The alternative is to build a lightweight "on the fly" converter: a proxy service which sits on top of Digital NZ's APIs, and when it receives a request for some Linked Data, makes one or more Digital NZ API requests, processes the results to LOD form, and returns them. I have done this before with the web API of Museum Victoria, as an experiment, and it worked fairly well, though the pattern has its own limitations and disadvantages. For background, here are a few posts on my blog about that experiment:
Using a "proxy" approach rather than an aggregator, the generated LOD is more constrained by the capability of the APIs. Realistically, only information that can be gleaned from the API by making a small number of API calls can be used to generate the LOD responses (whereas, by contrast, the aggregator approach already has ALL the data available locally when it is responding to a request, so it can run arbitrary queries and answer arbitrary questions).

To give an example: the API response for a given record provides a list of URIs of related URIs on Digital NZ partner (contributor) websites.

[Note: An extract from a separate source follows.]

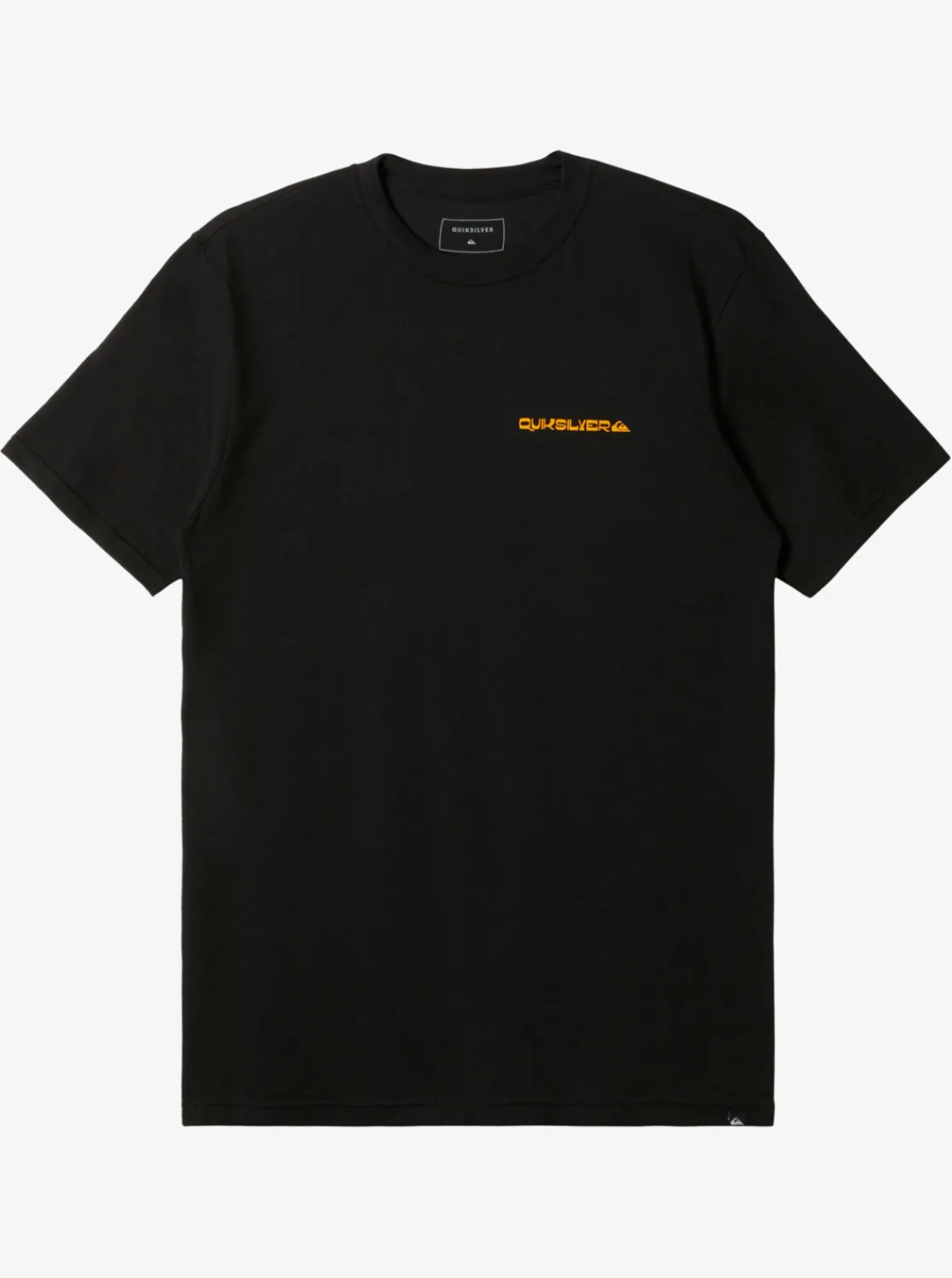 Quiksilver Weird Trip T-Shirt Black Shop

But it seems not to be possible to go the other way, and locate a particular Digital NZ record from the URI of a related partner website, presumably because the Digital NZ records aren't indexed by those partner URIs.

Similarly, the "Concepts API" response for a particular concept provides identifiers of related records in the main API, but those main API records don't appear to point back to the concept records.

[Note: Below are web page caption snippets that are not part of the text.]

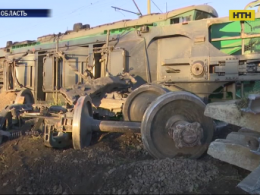 Железнодорожная авария в Одесской области на сутки парализовала движение поездов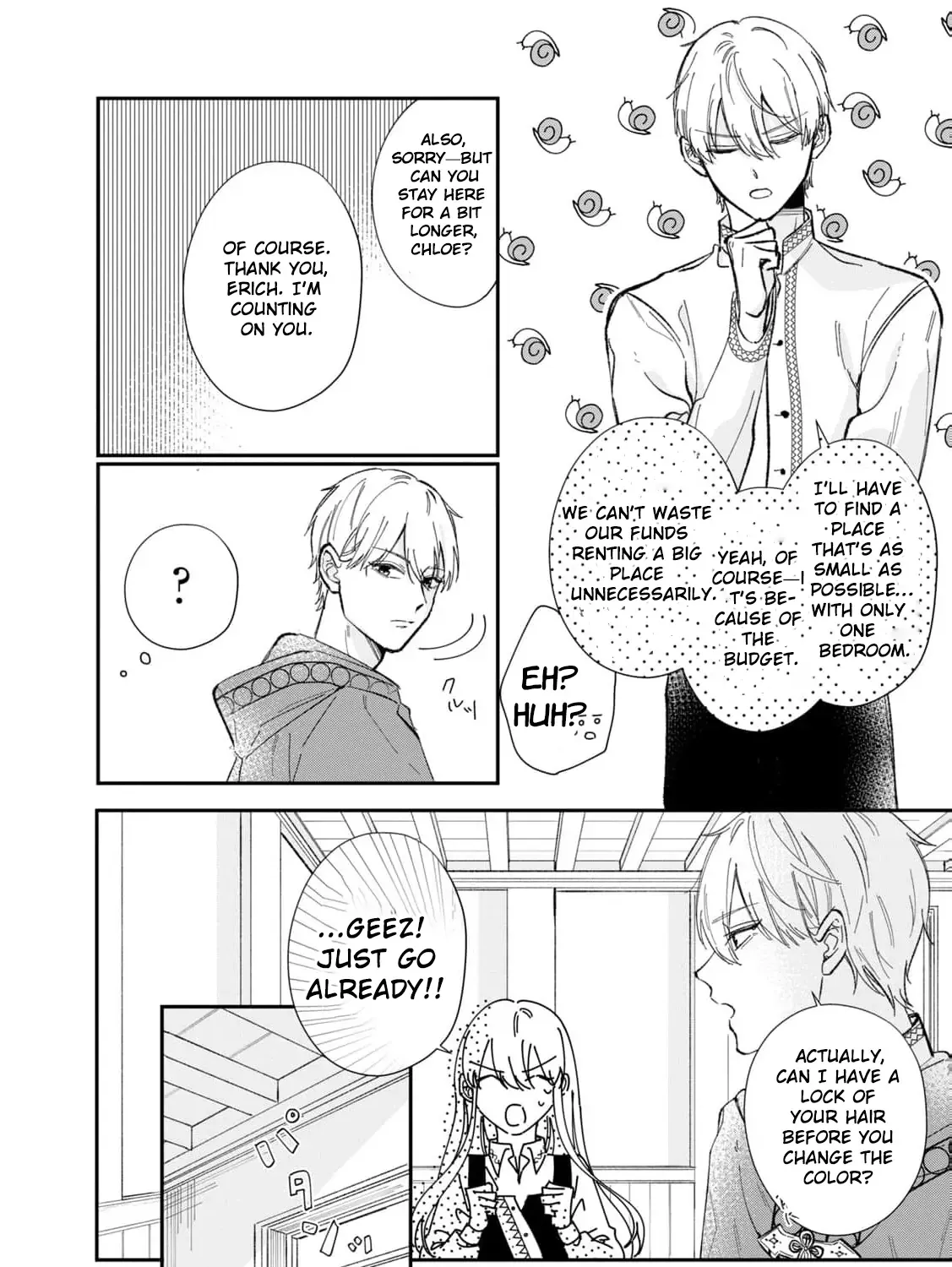 After the engagement was broken off i decided to do whatever i want Chapter 2 page 75 - 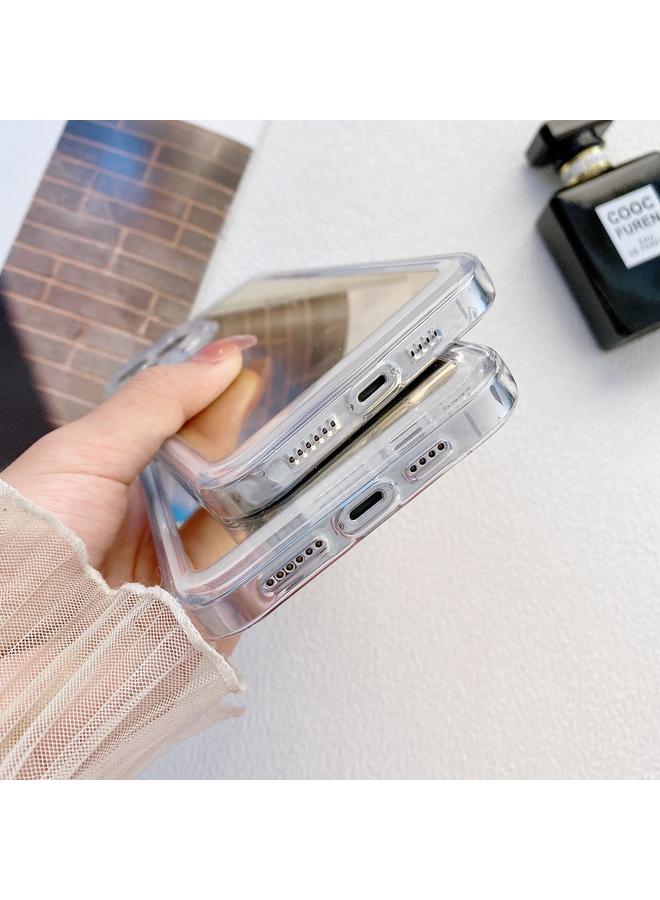 Zaboon Case For iPhone 13 Mirror TPU Phone Case - Image 4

These limitations do pose serious challenges for implementing a LOD interface on top of those APIs using the "proxy" pattern. There are some issues with using the "aggregation" pattern too.

The first problem is just dealing with the scale of harvesting, with a legal complication that the terms and conditions seem to forbid keeping long-lived caches (though the T&Cs are explicitly justified by a desire to not serve stale data, whereas there are "last-updated" time stamps that could help to manage those caches without requiring complete reharvests).

Another thing which is a bit of a concern for me is the stability of the concepts API. It appears to be a kind of beta, and in some ways it's quite unlike the other API (for instance, only supporting JSON-LD). Given that difference, I'm a bit wary that it may be "just a demo" or outside of the "main trunk" of development. Is there any information on its development status? A blog post on the Digital NZ site hints at a new (more "linked-data" style) API <http://www.digitalnz.org/blog/posts/introducing-the-digitalnz-concepts-api>. Is there a development roadmap available to the public anywhere? Or an issue tracker or anything like that?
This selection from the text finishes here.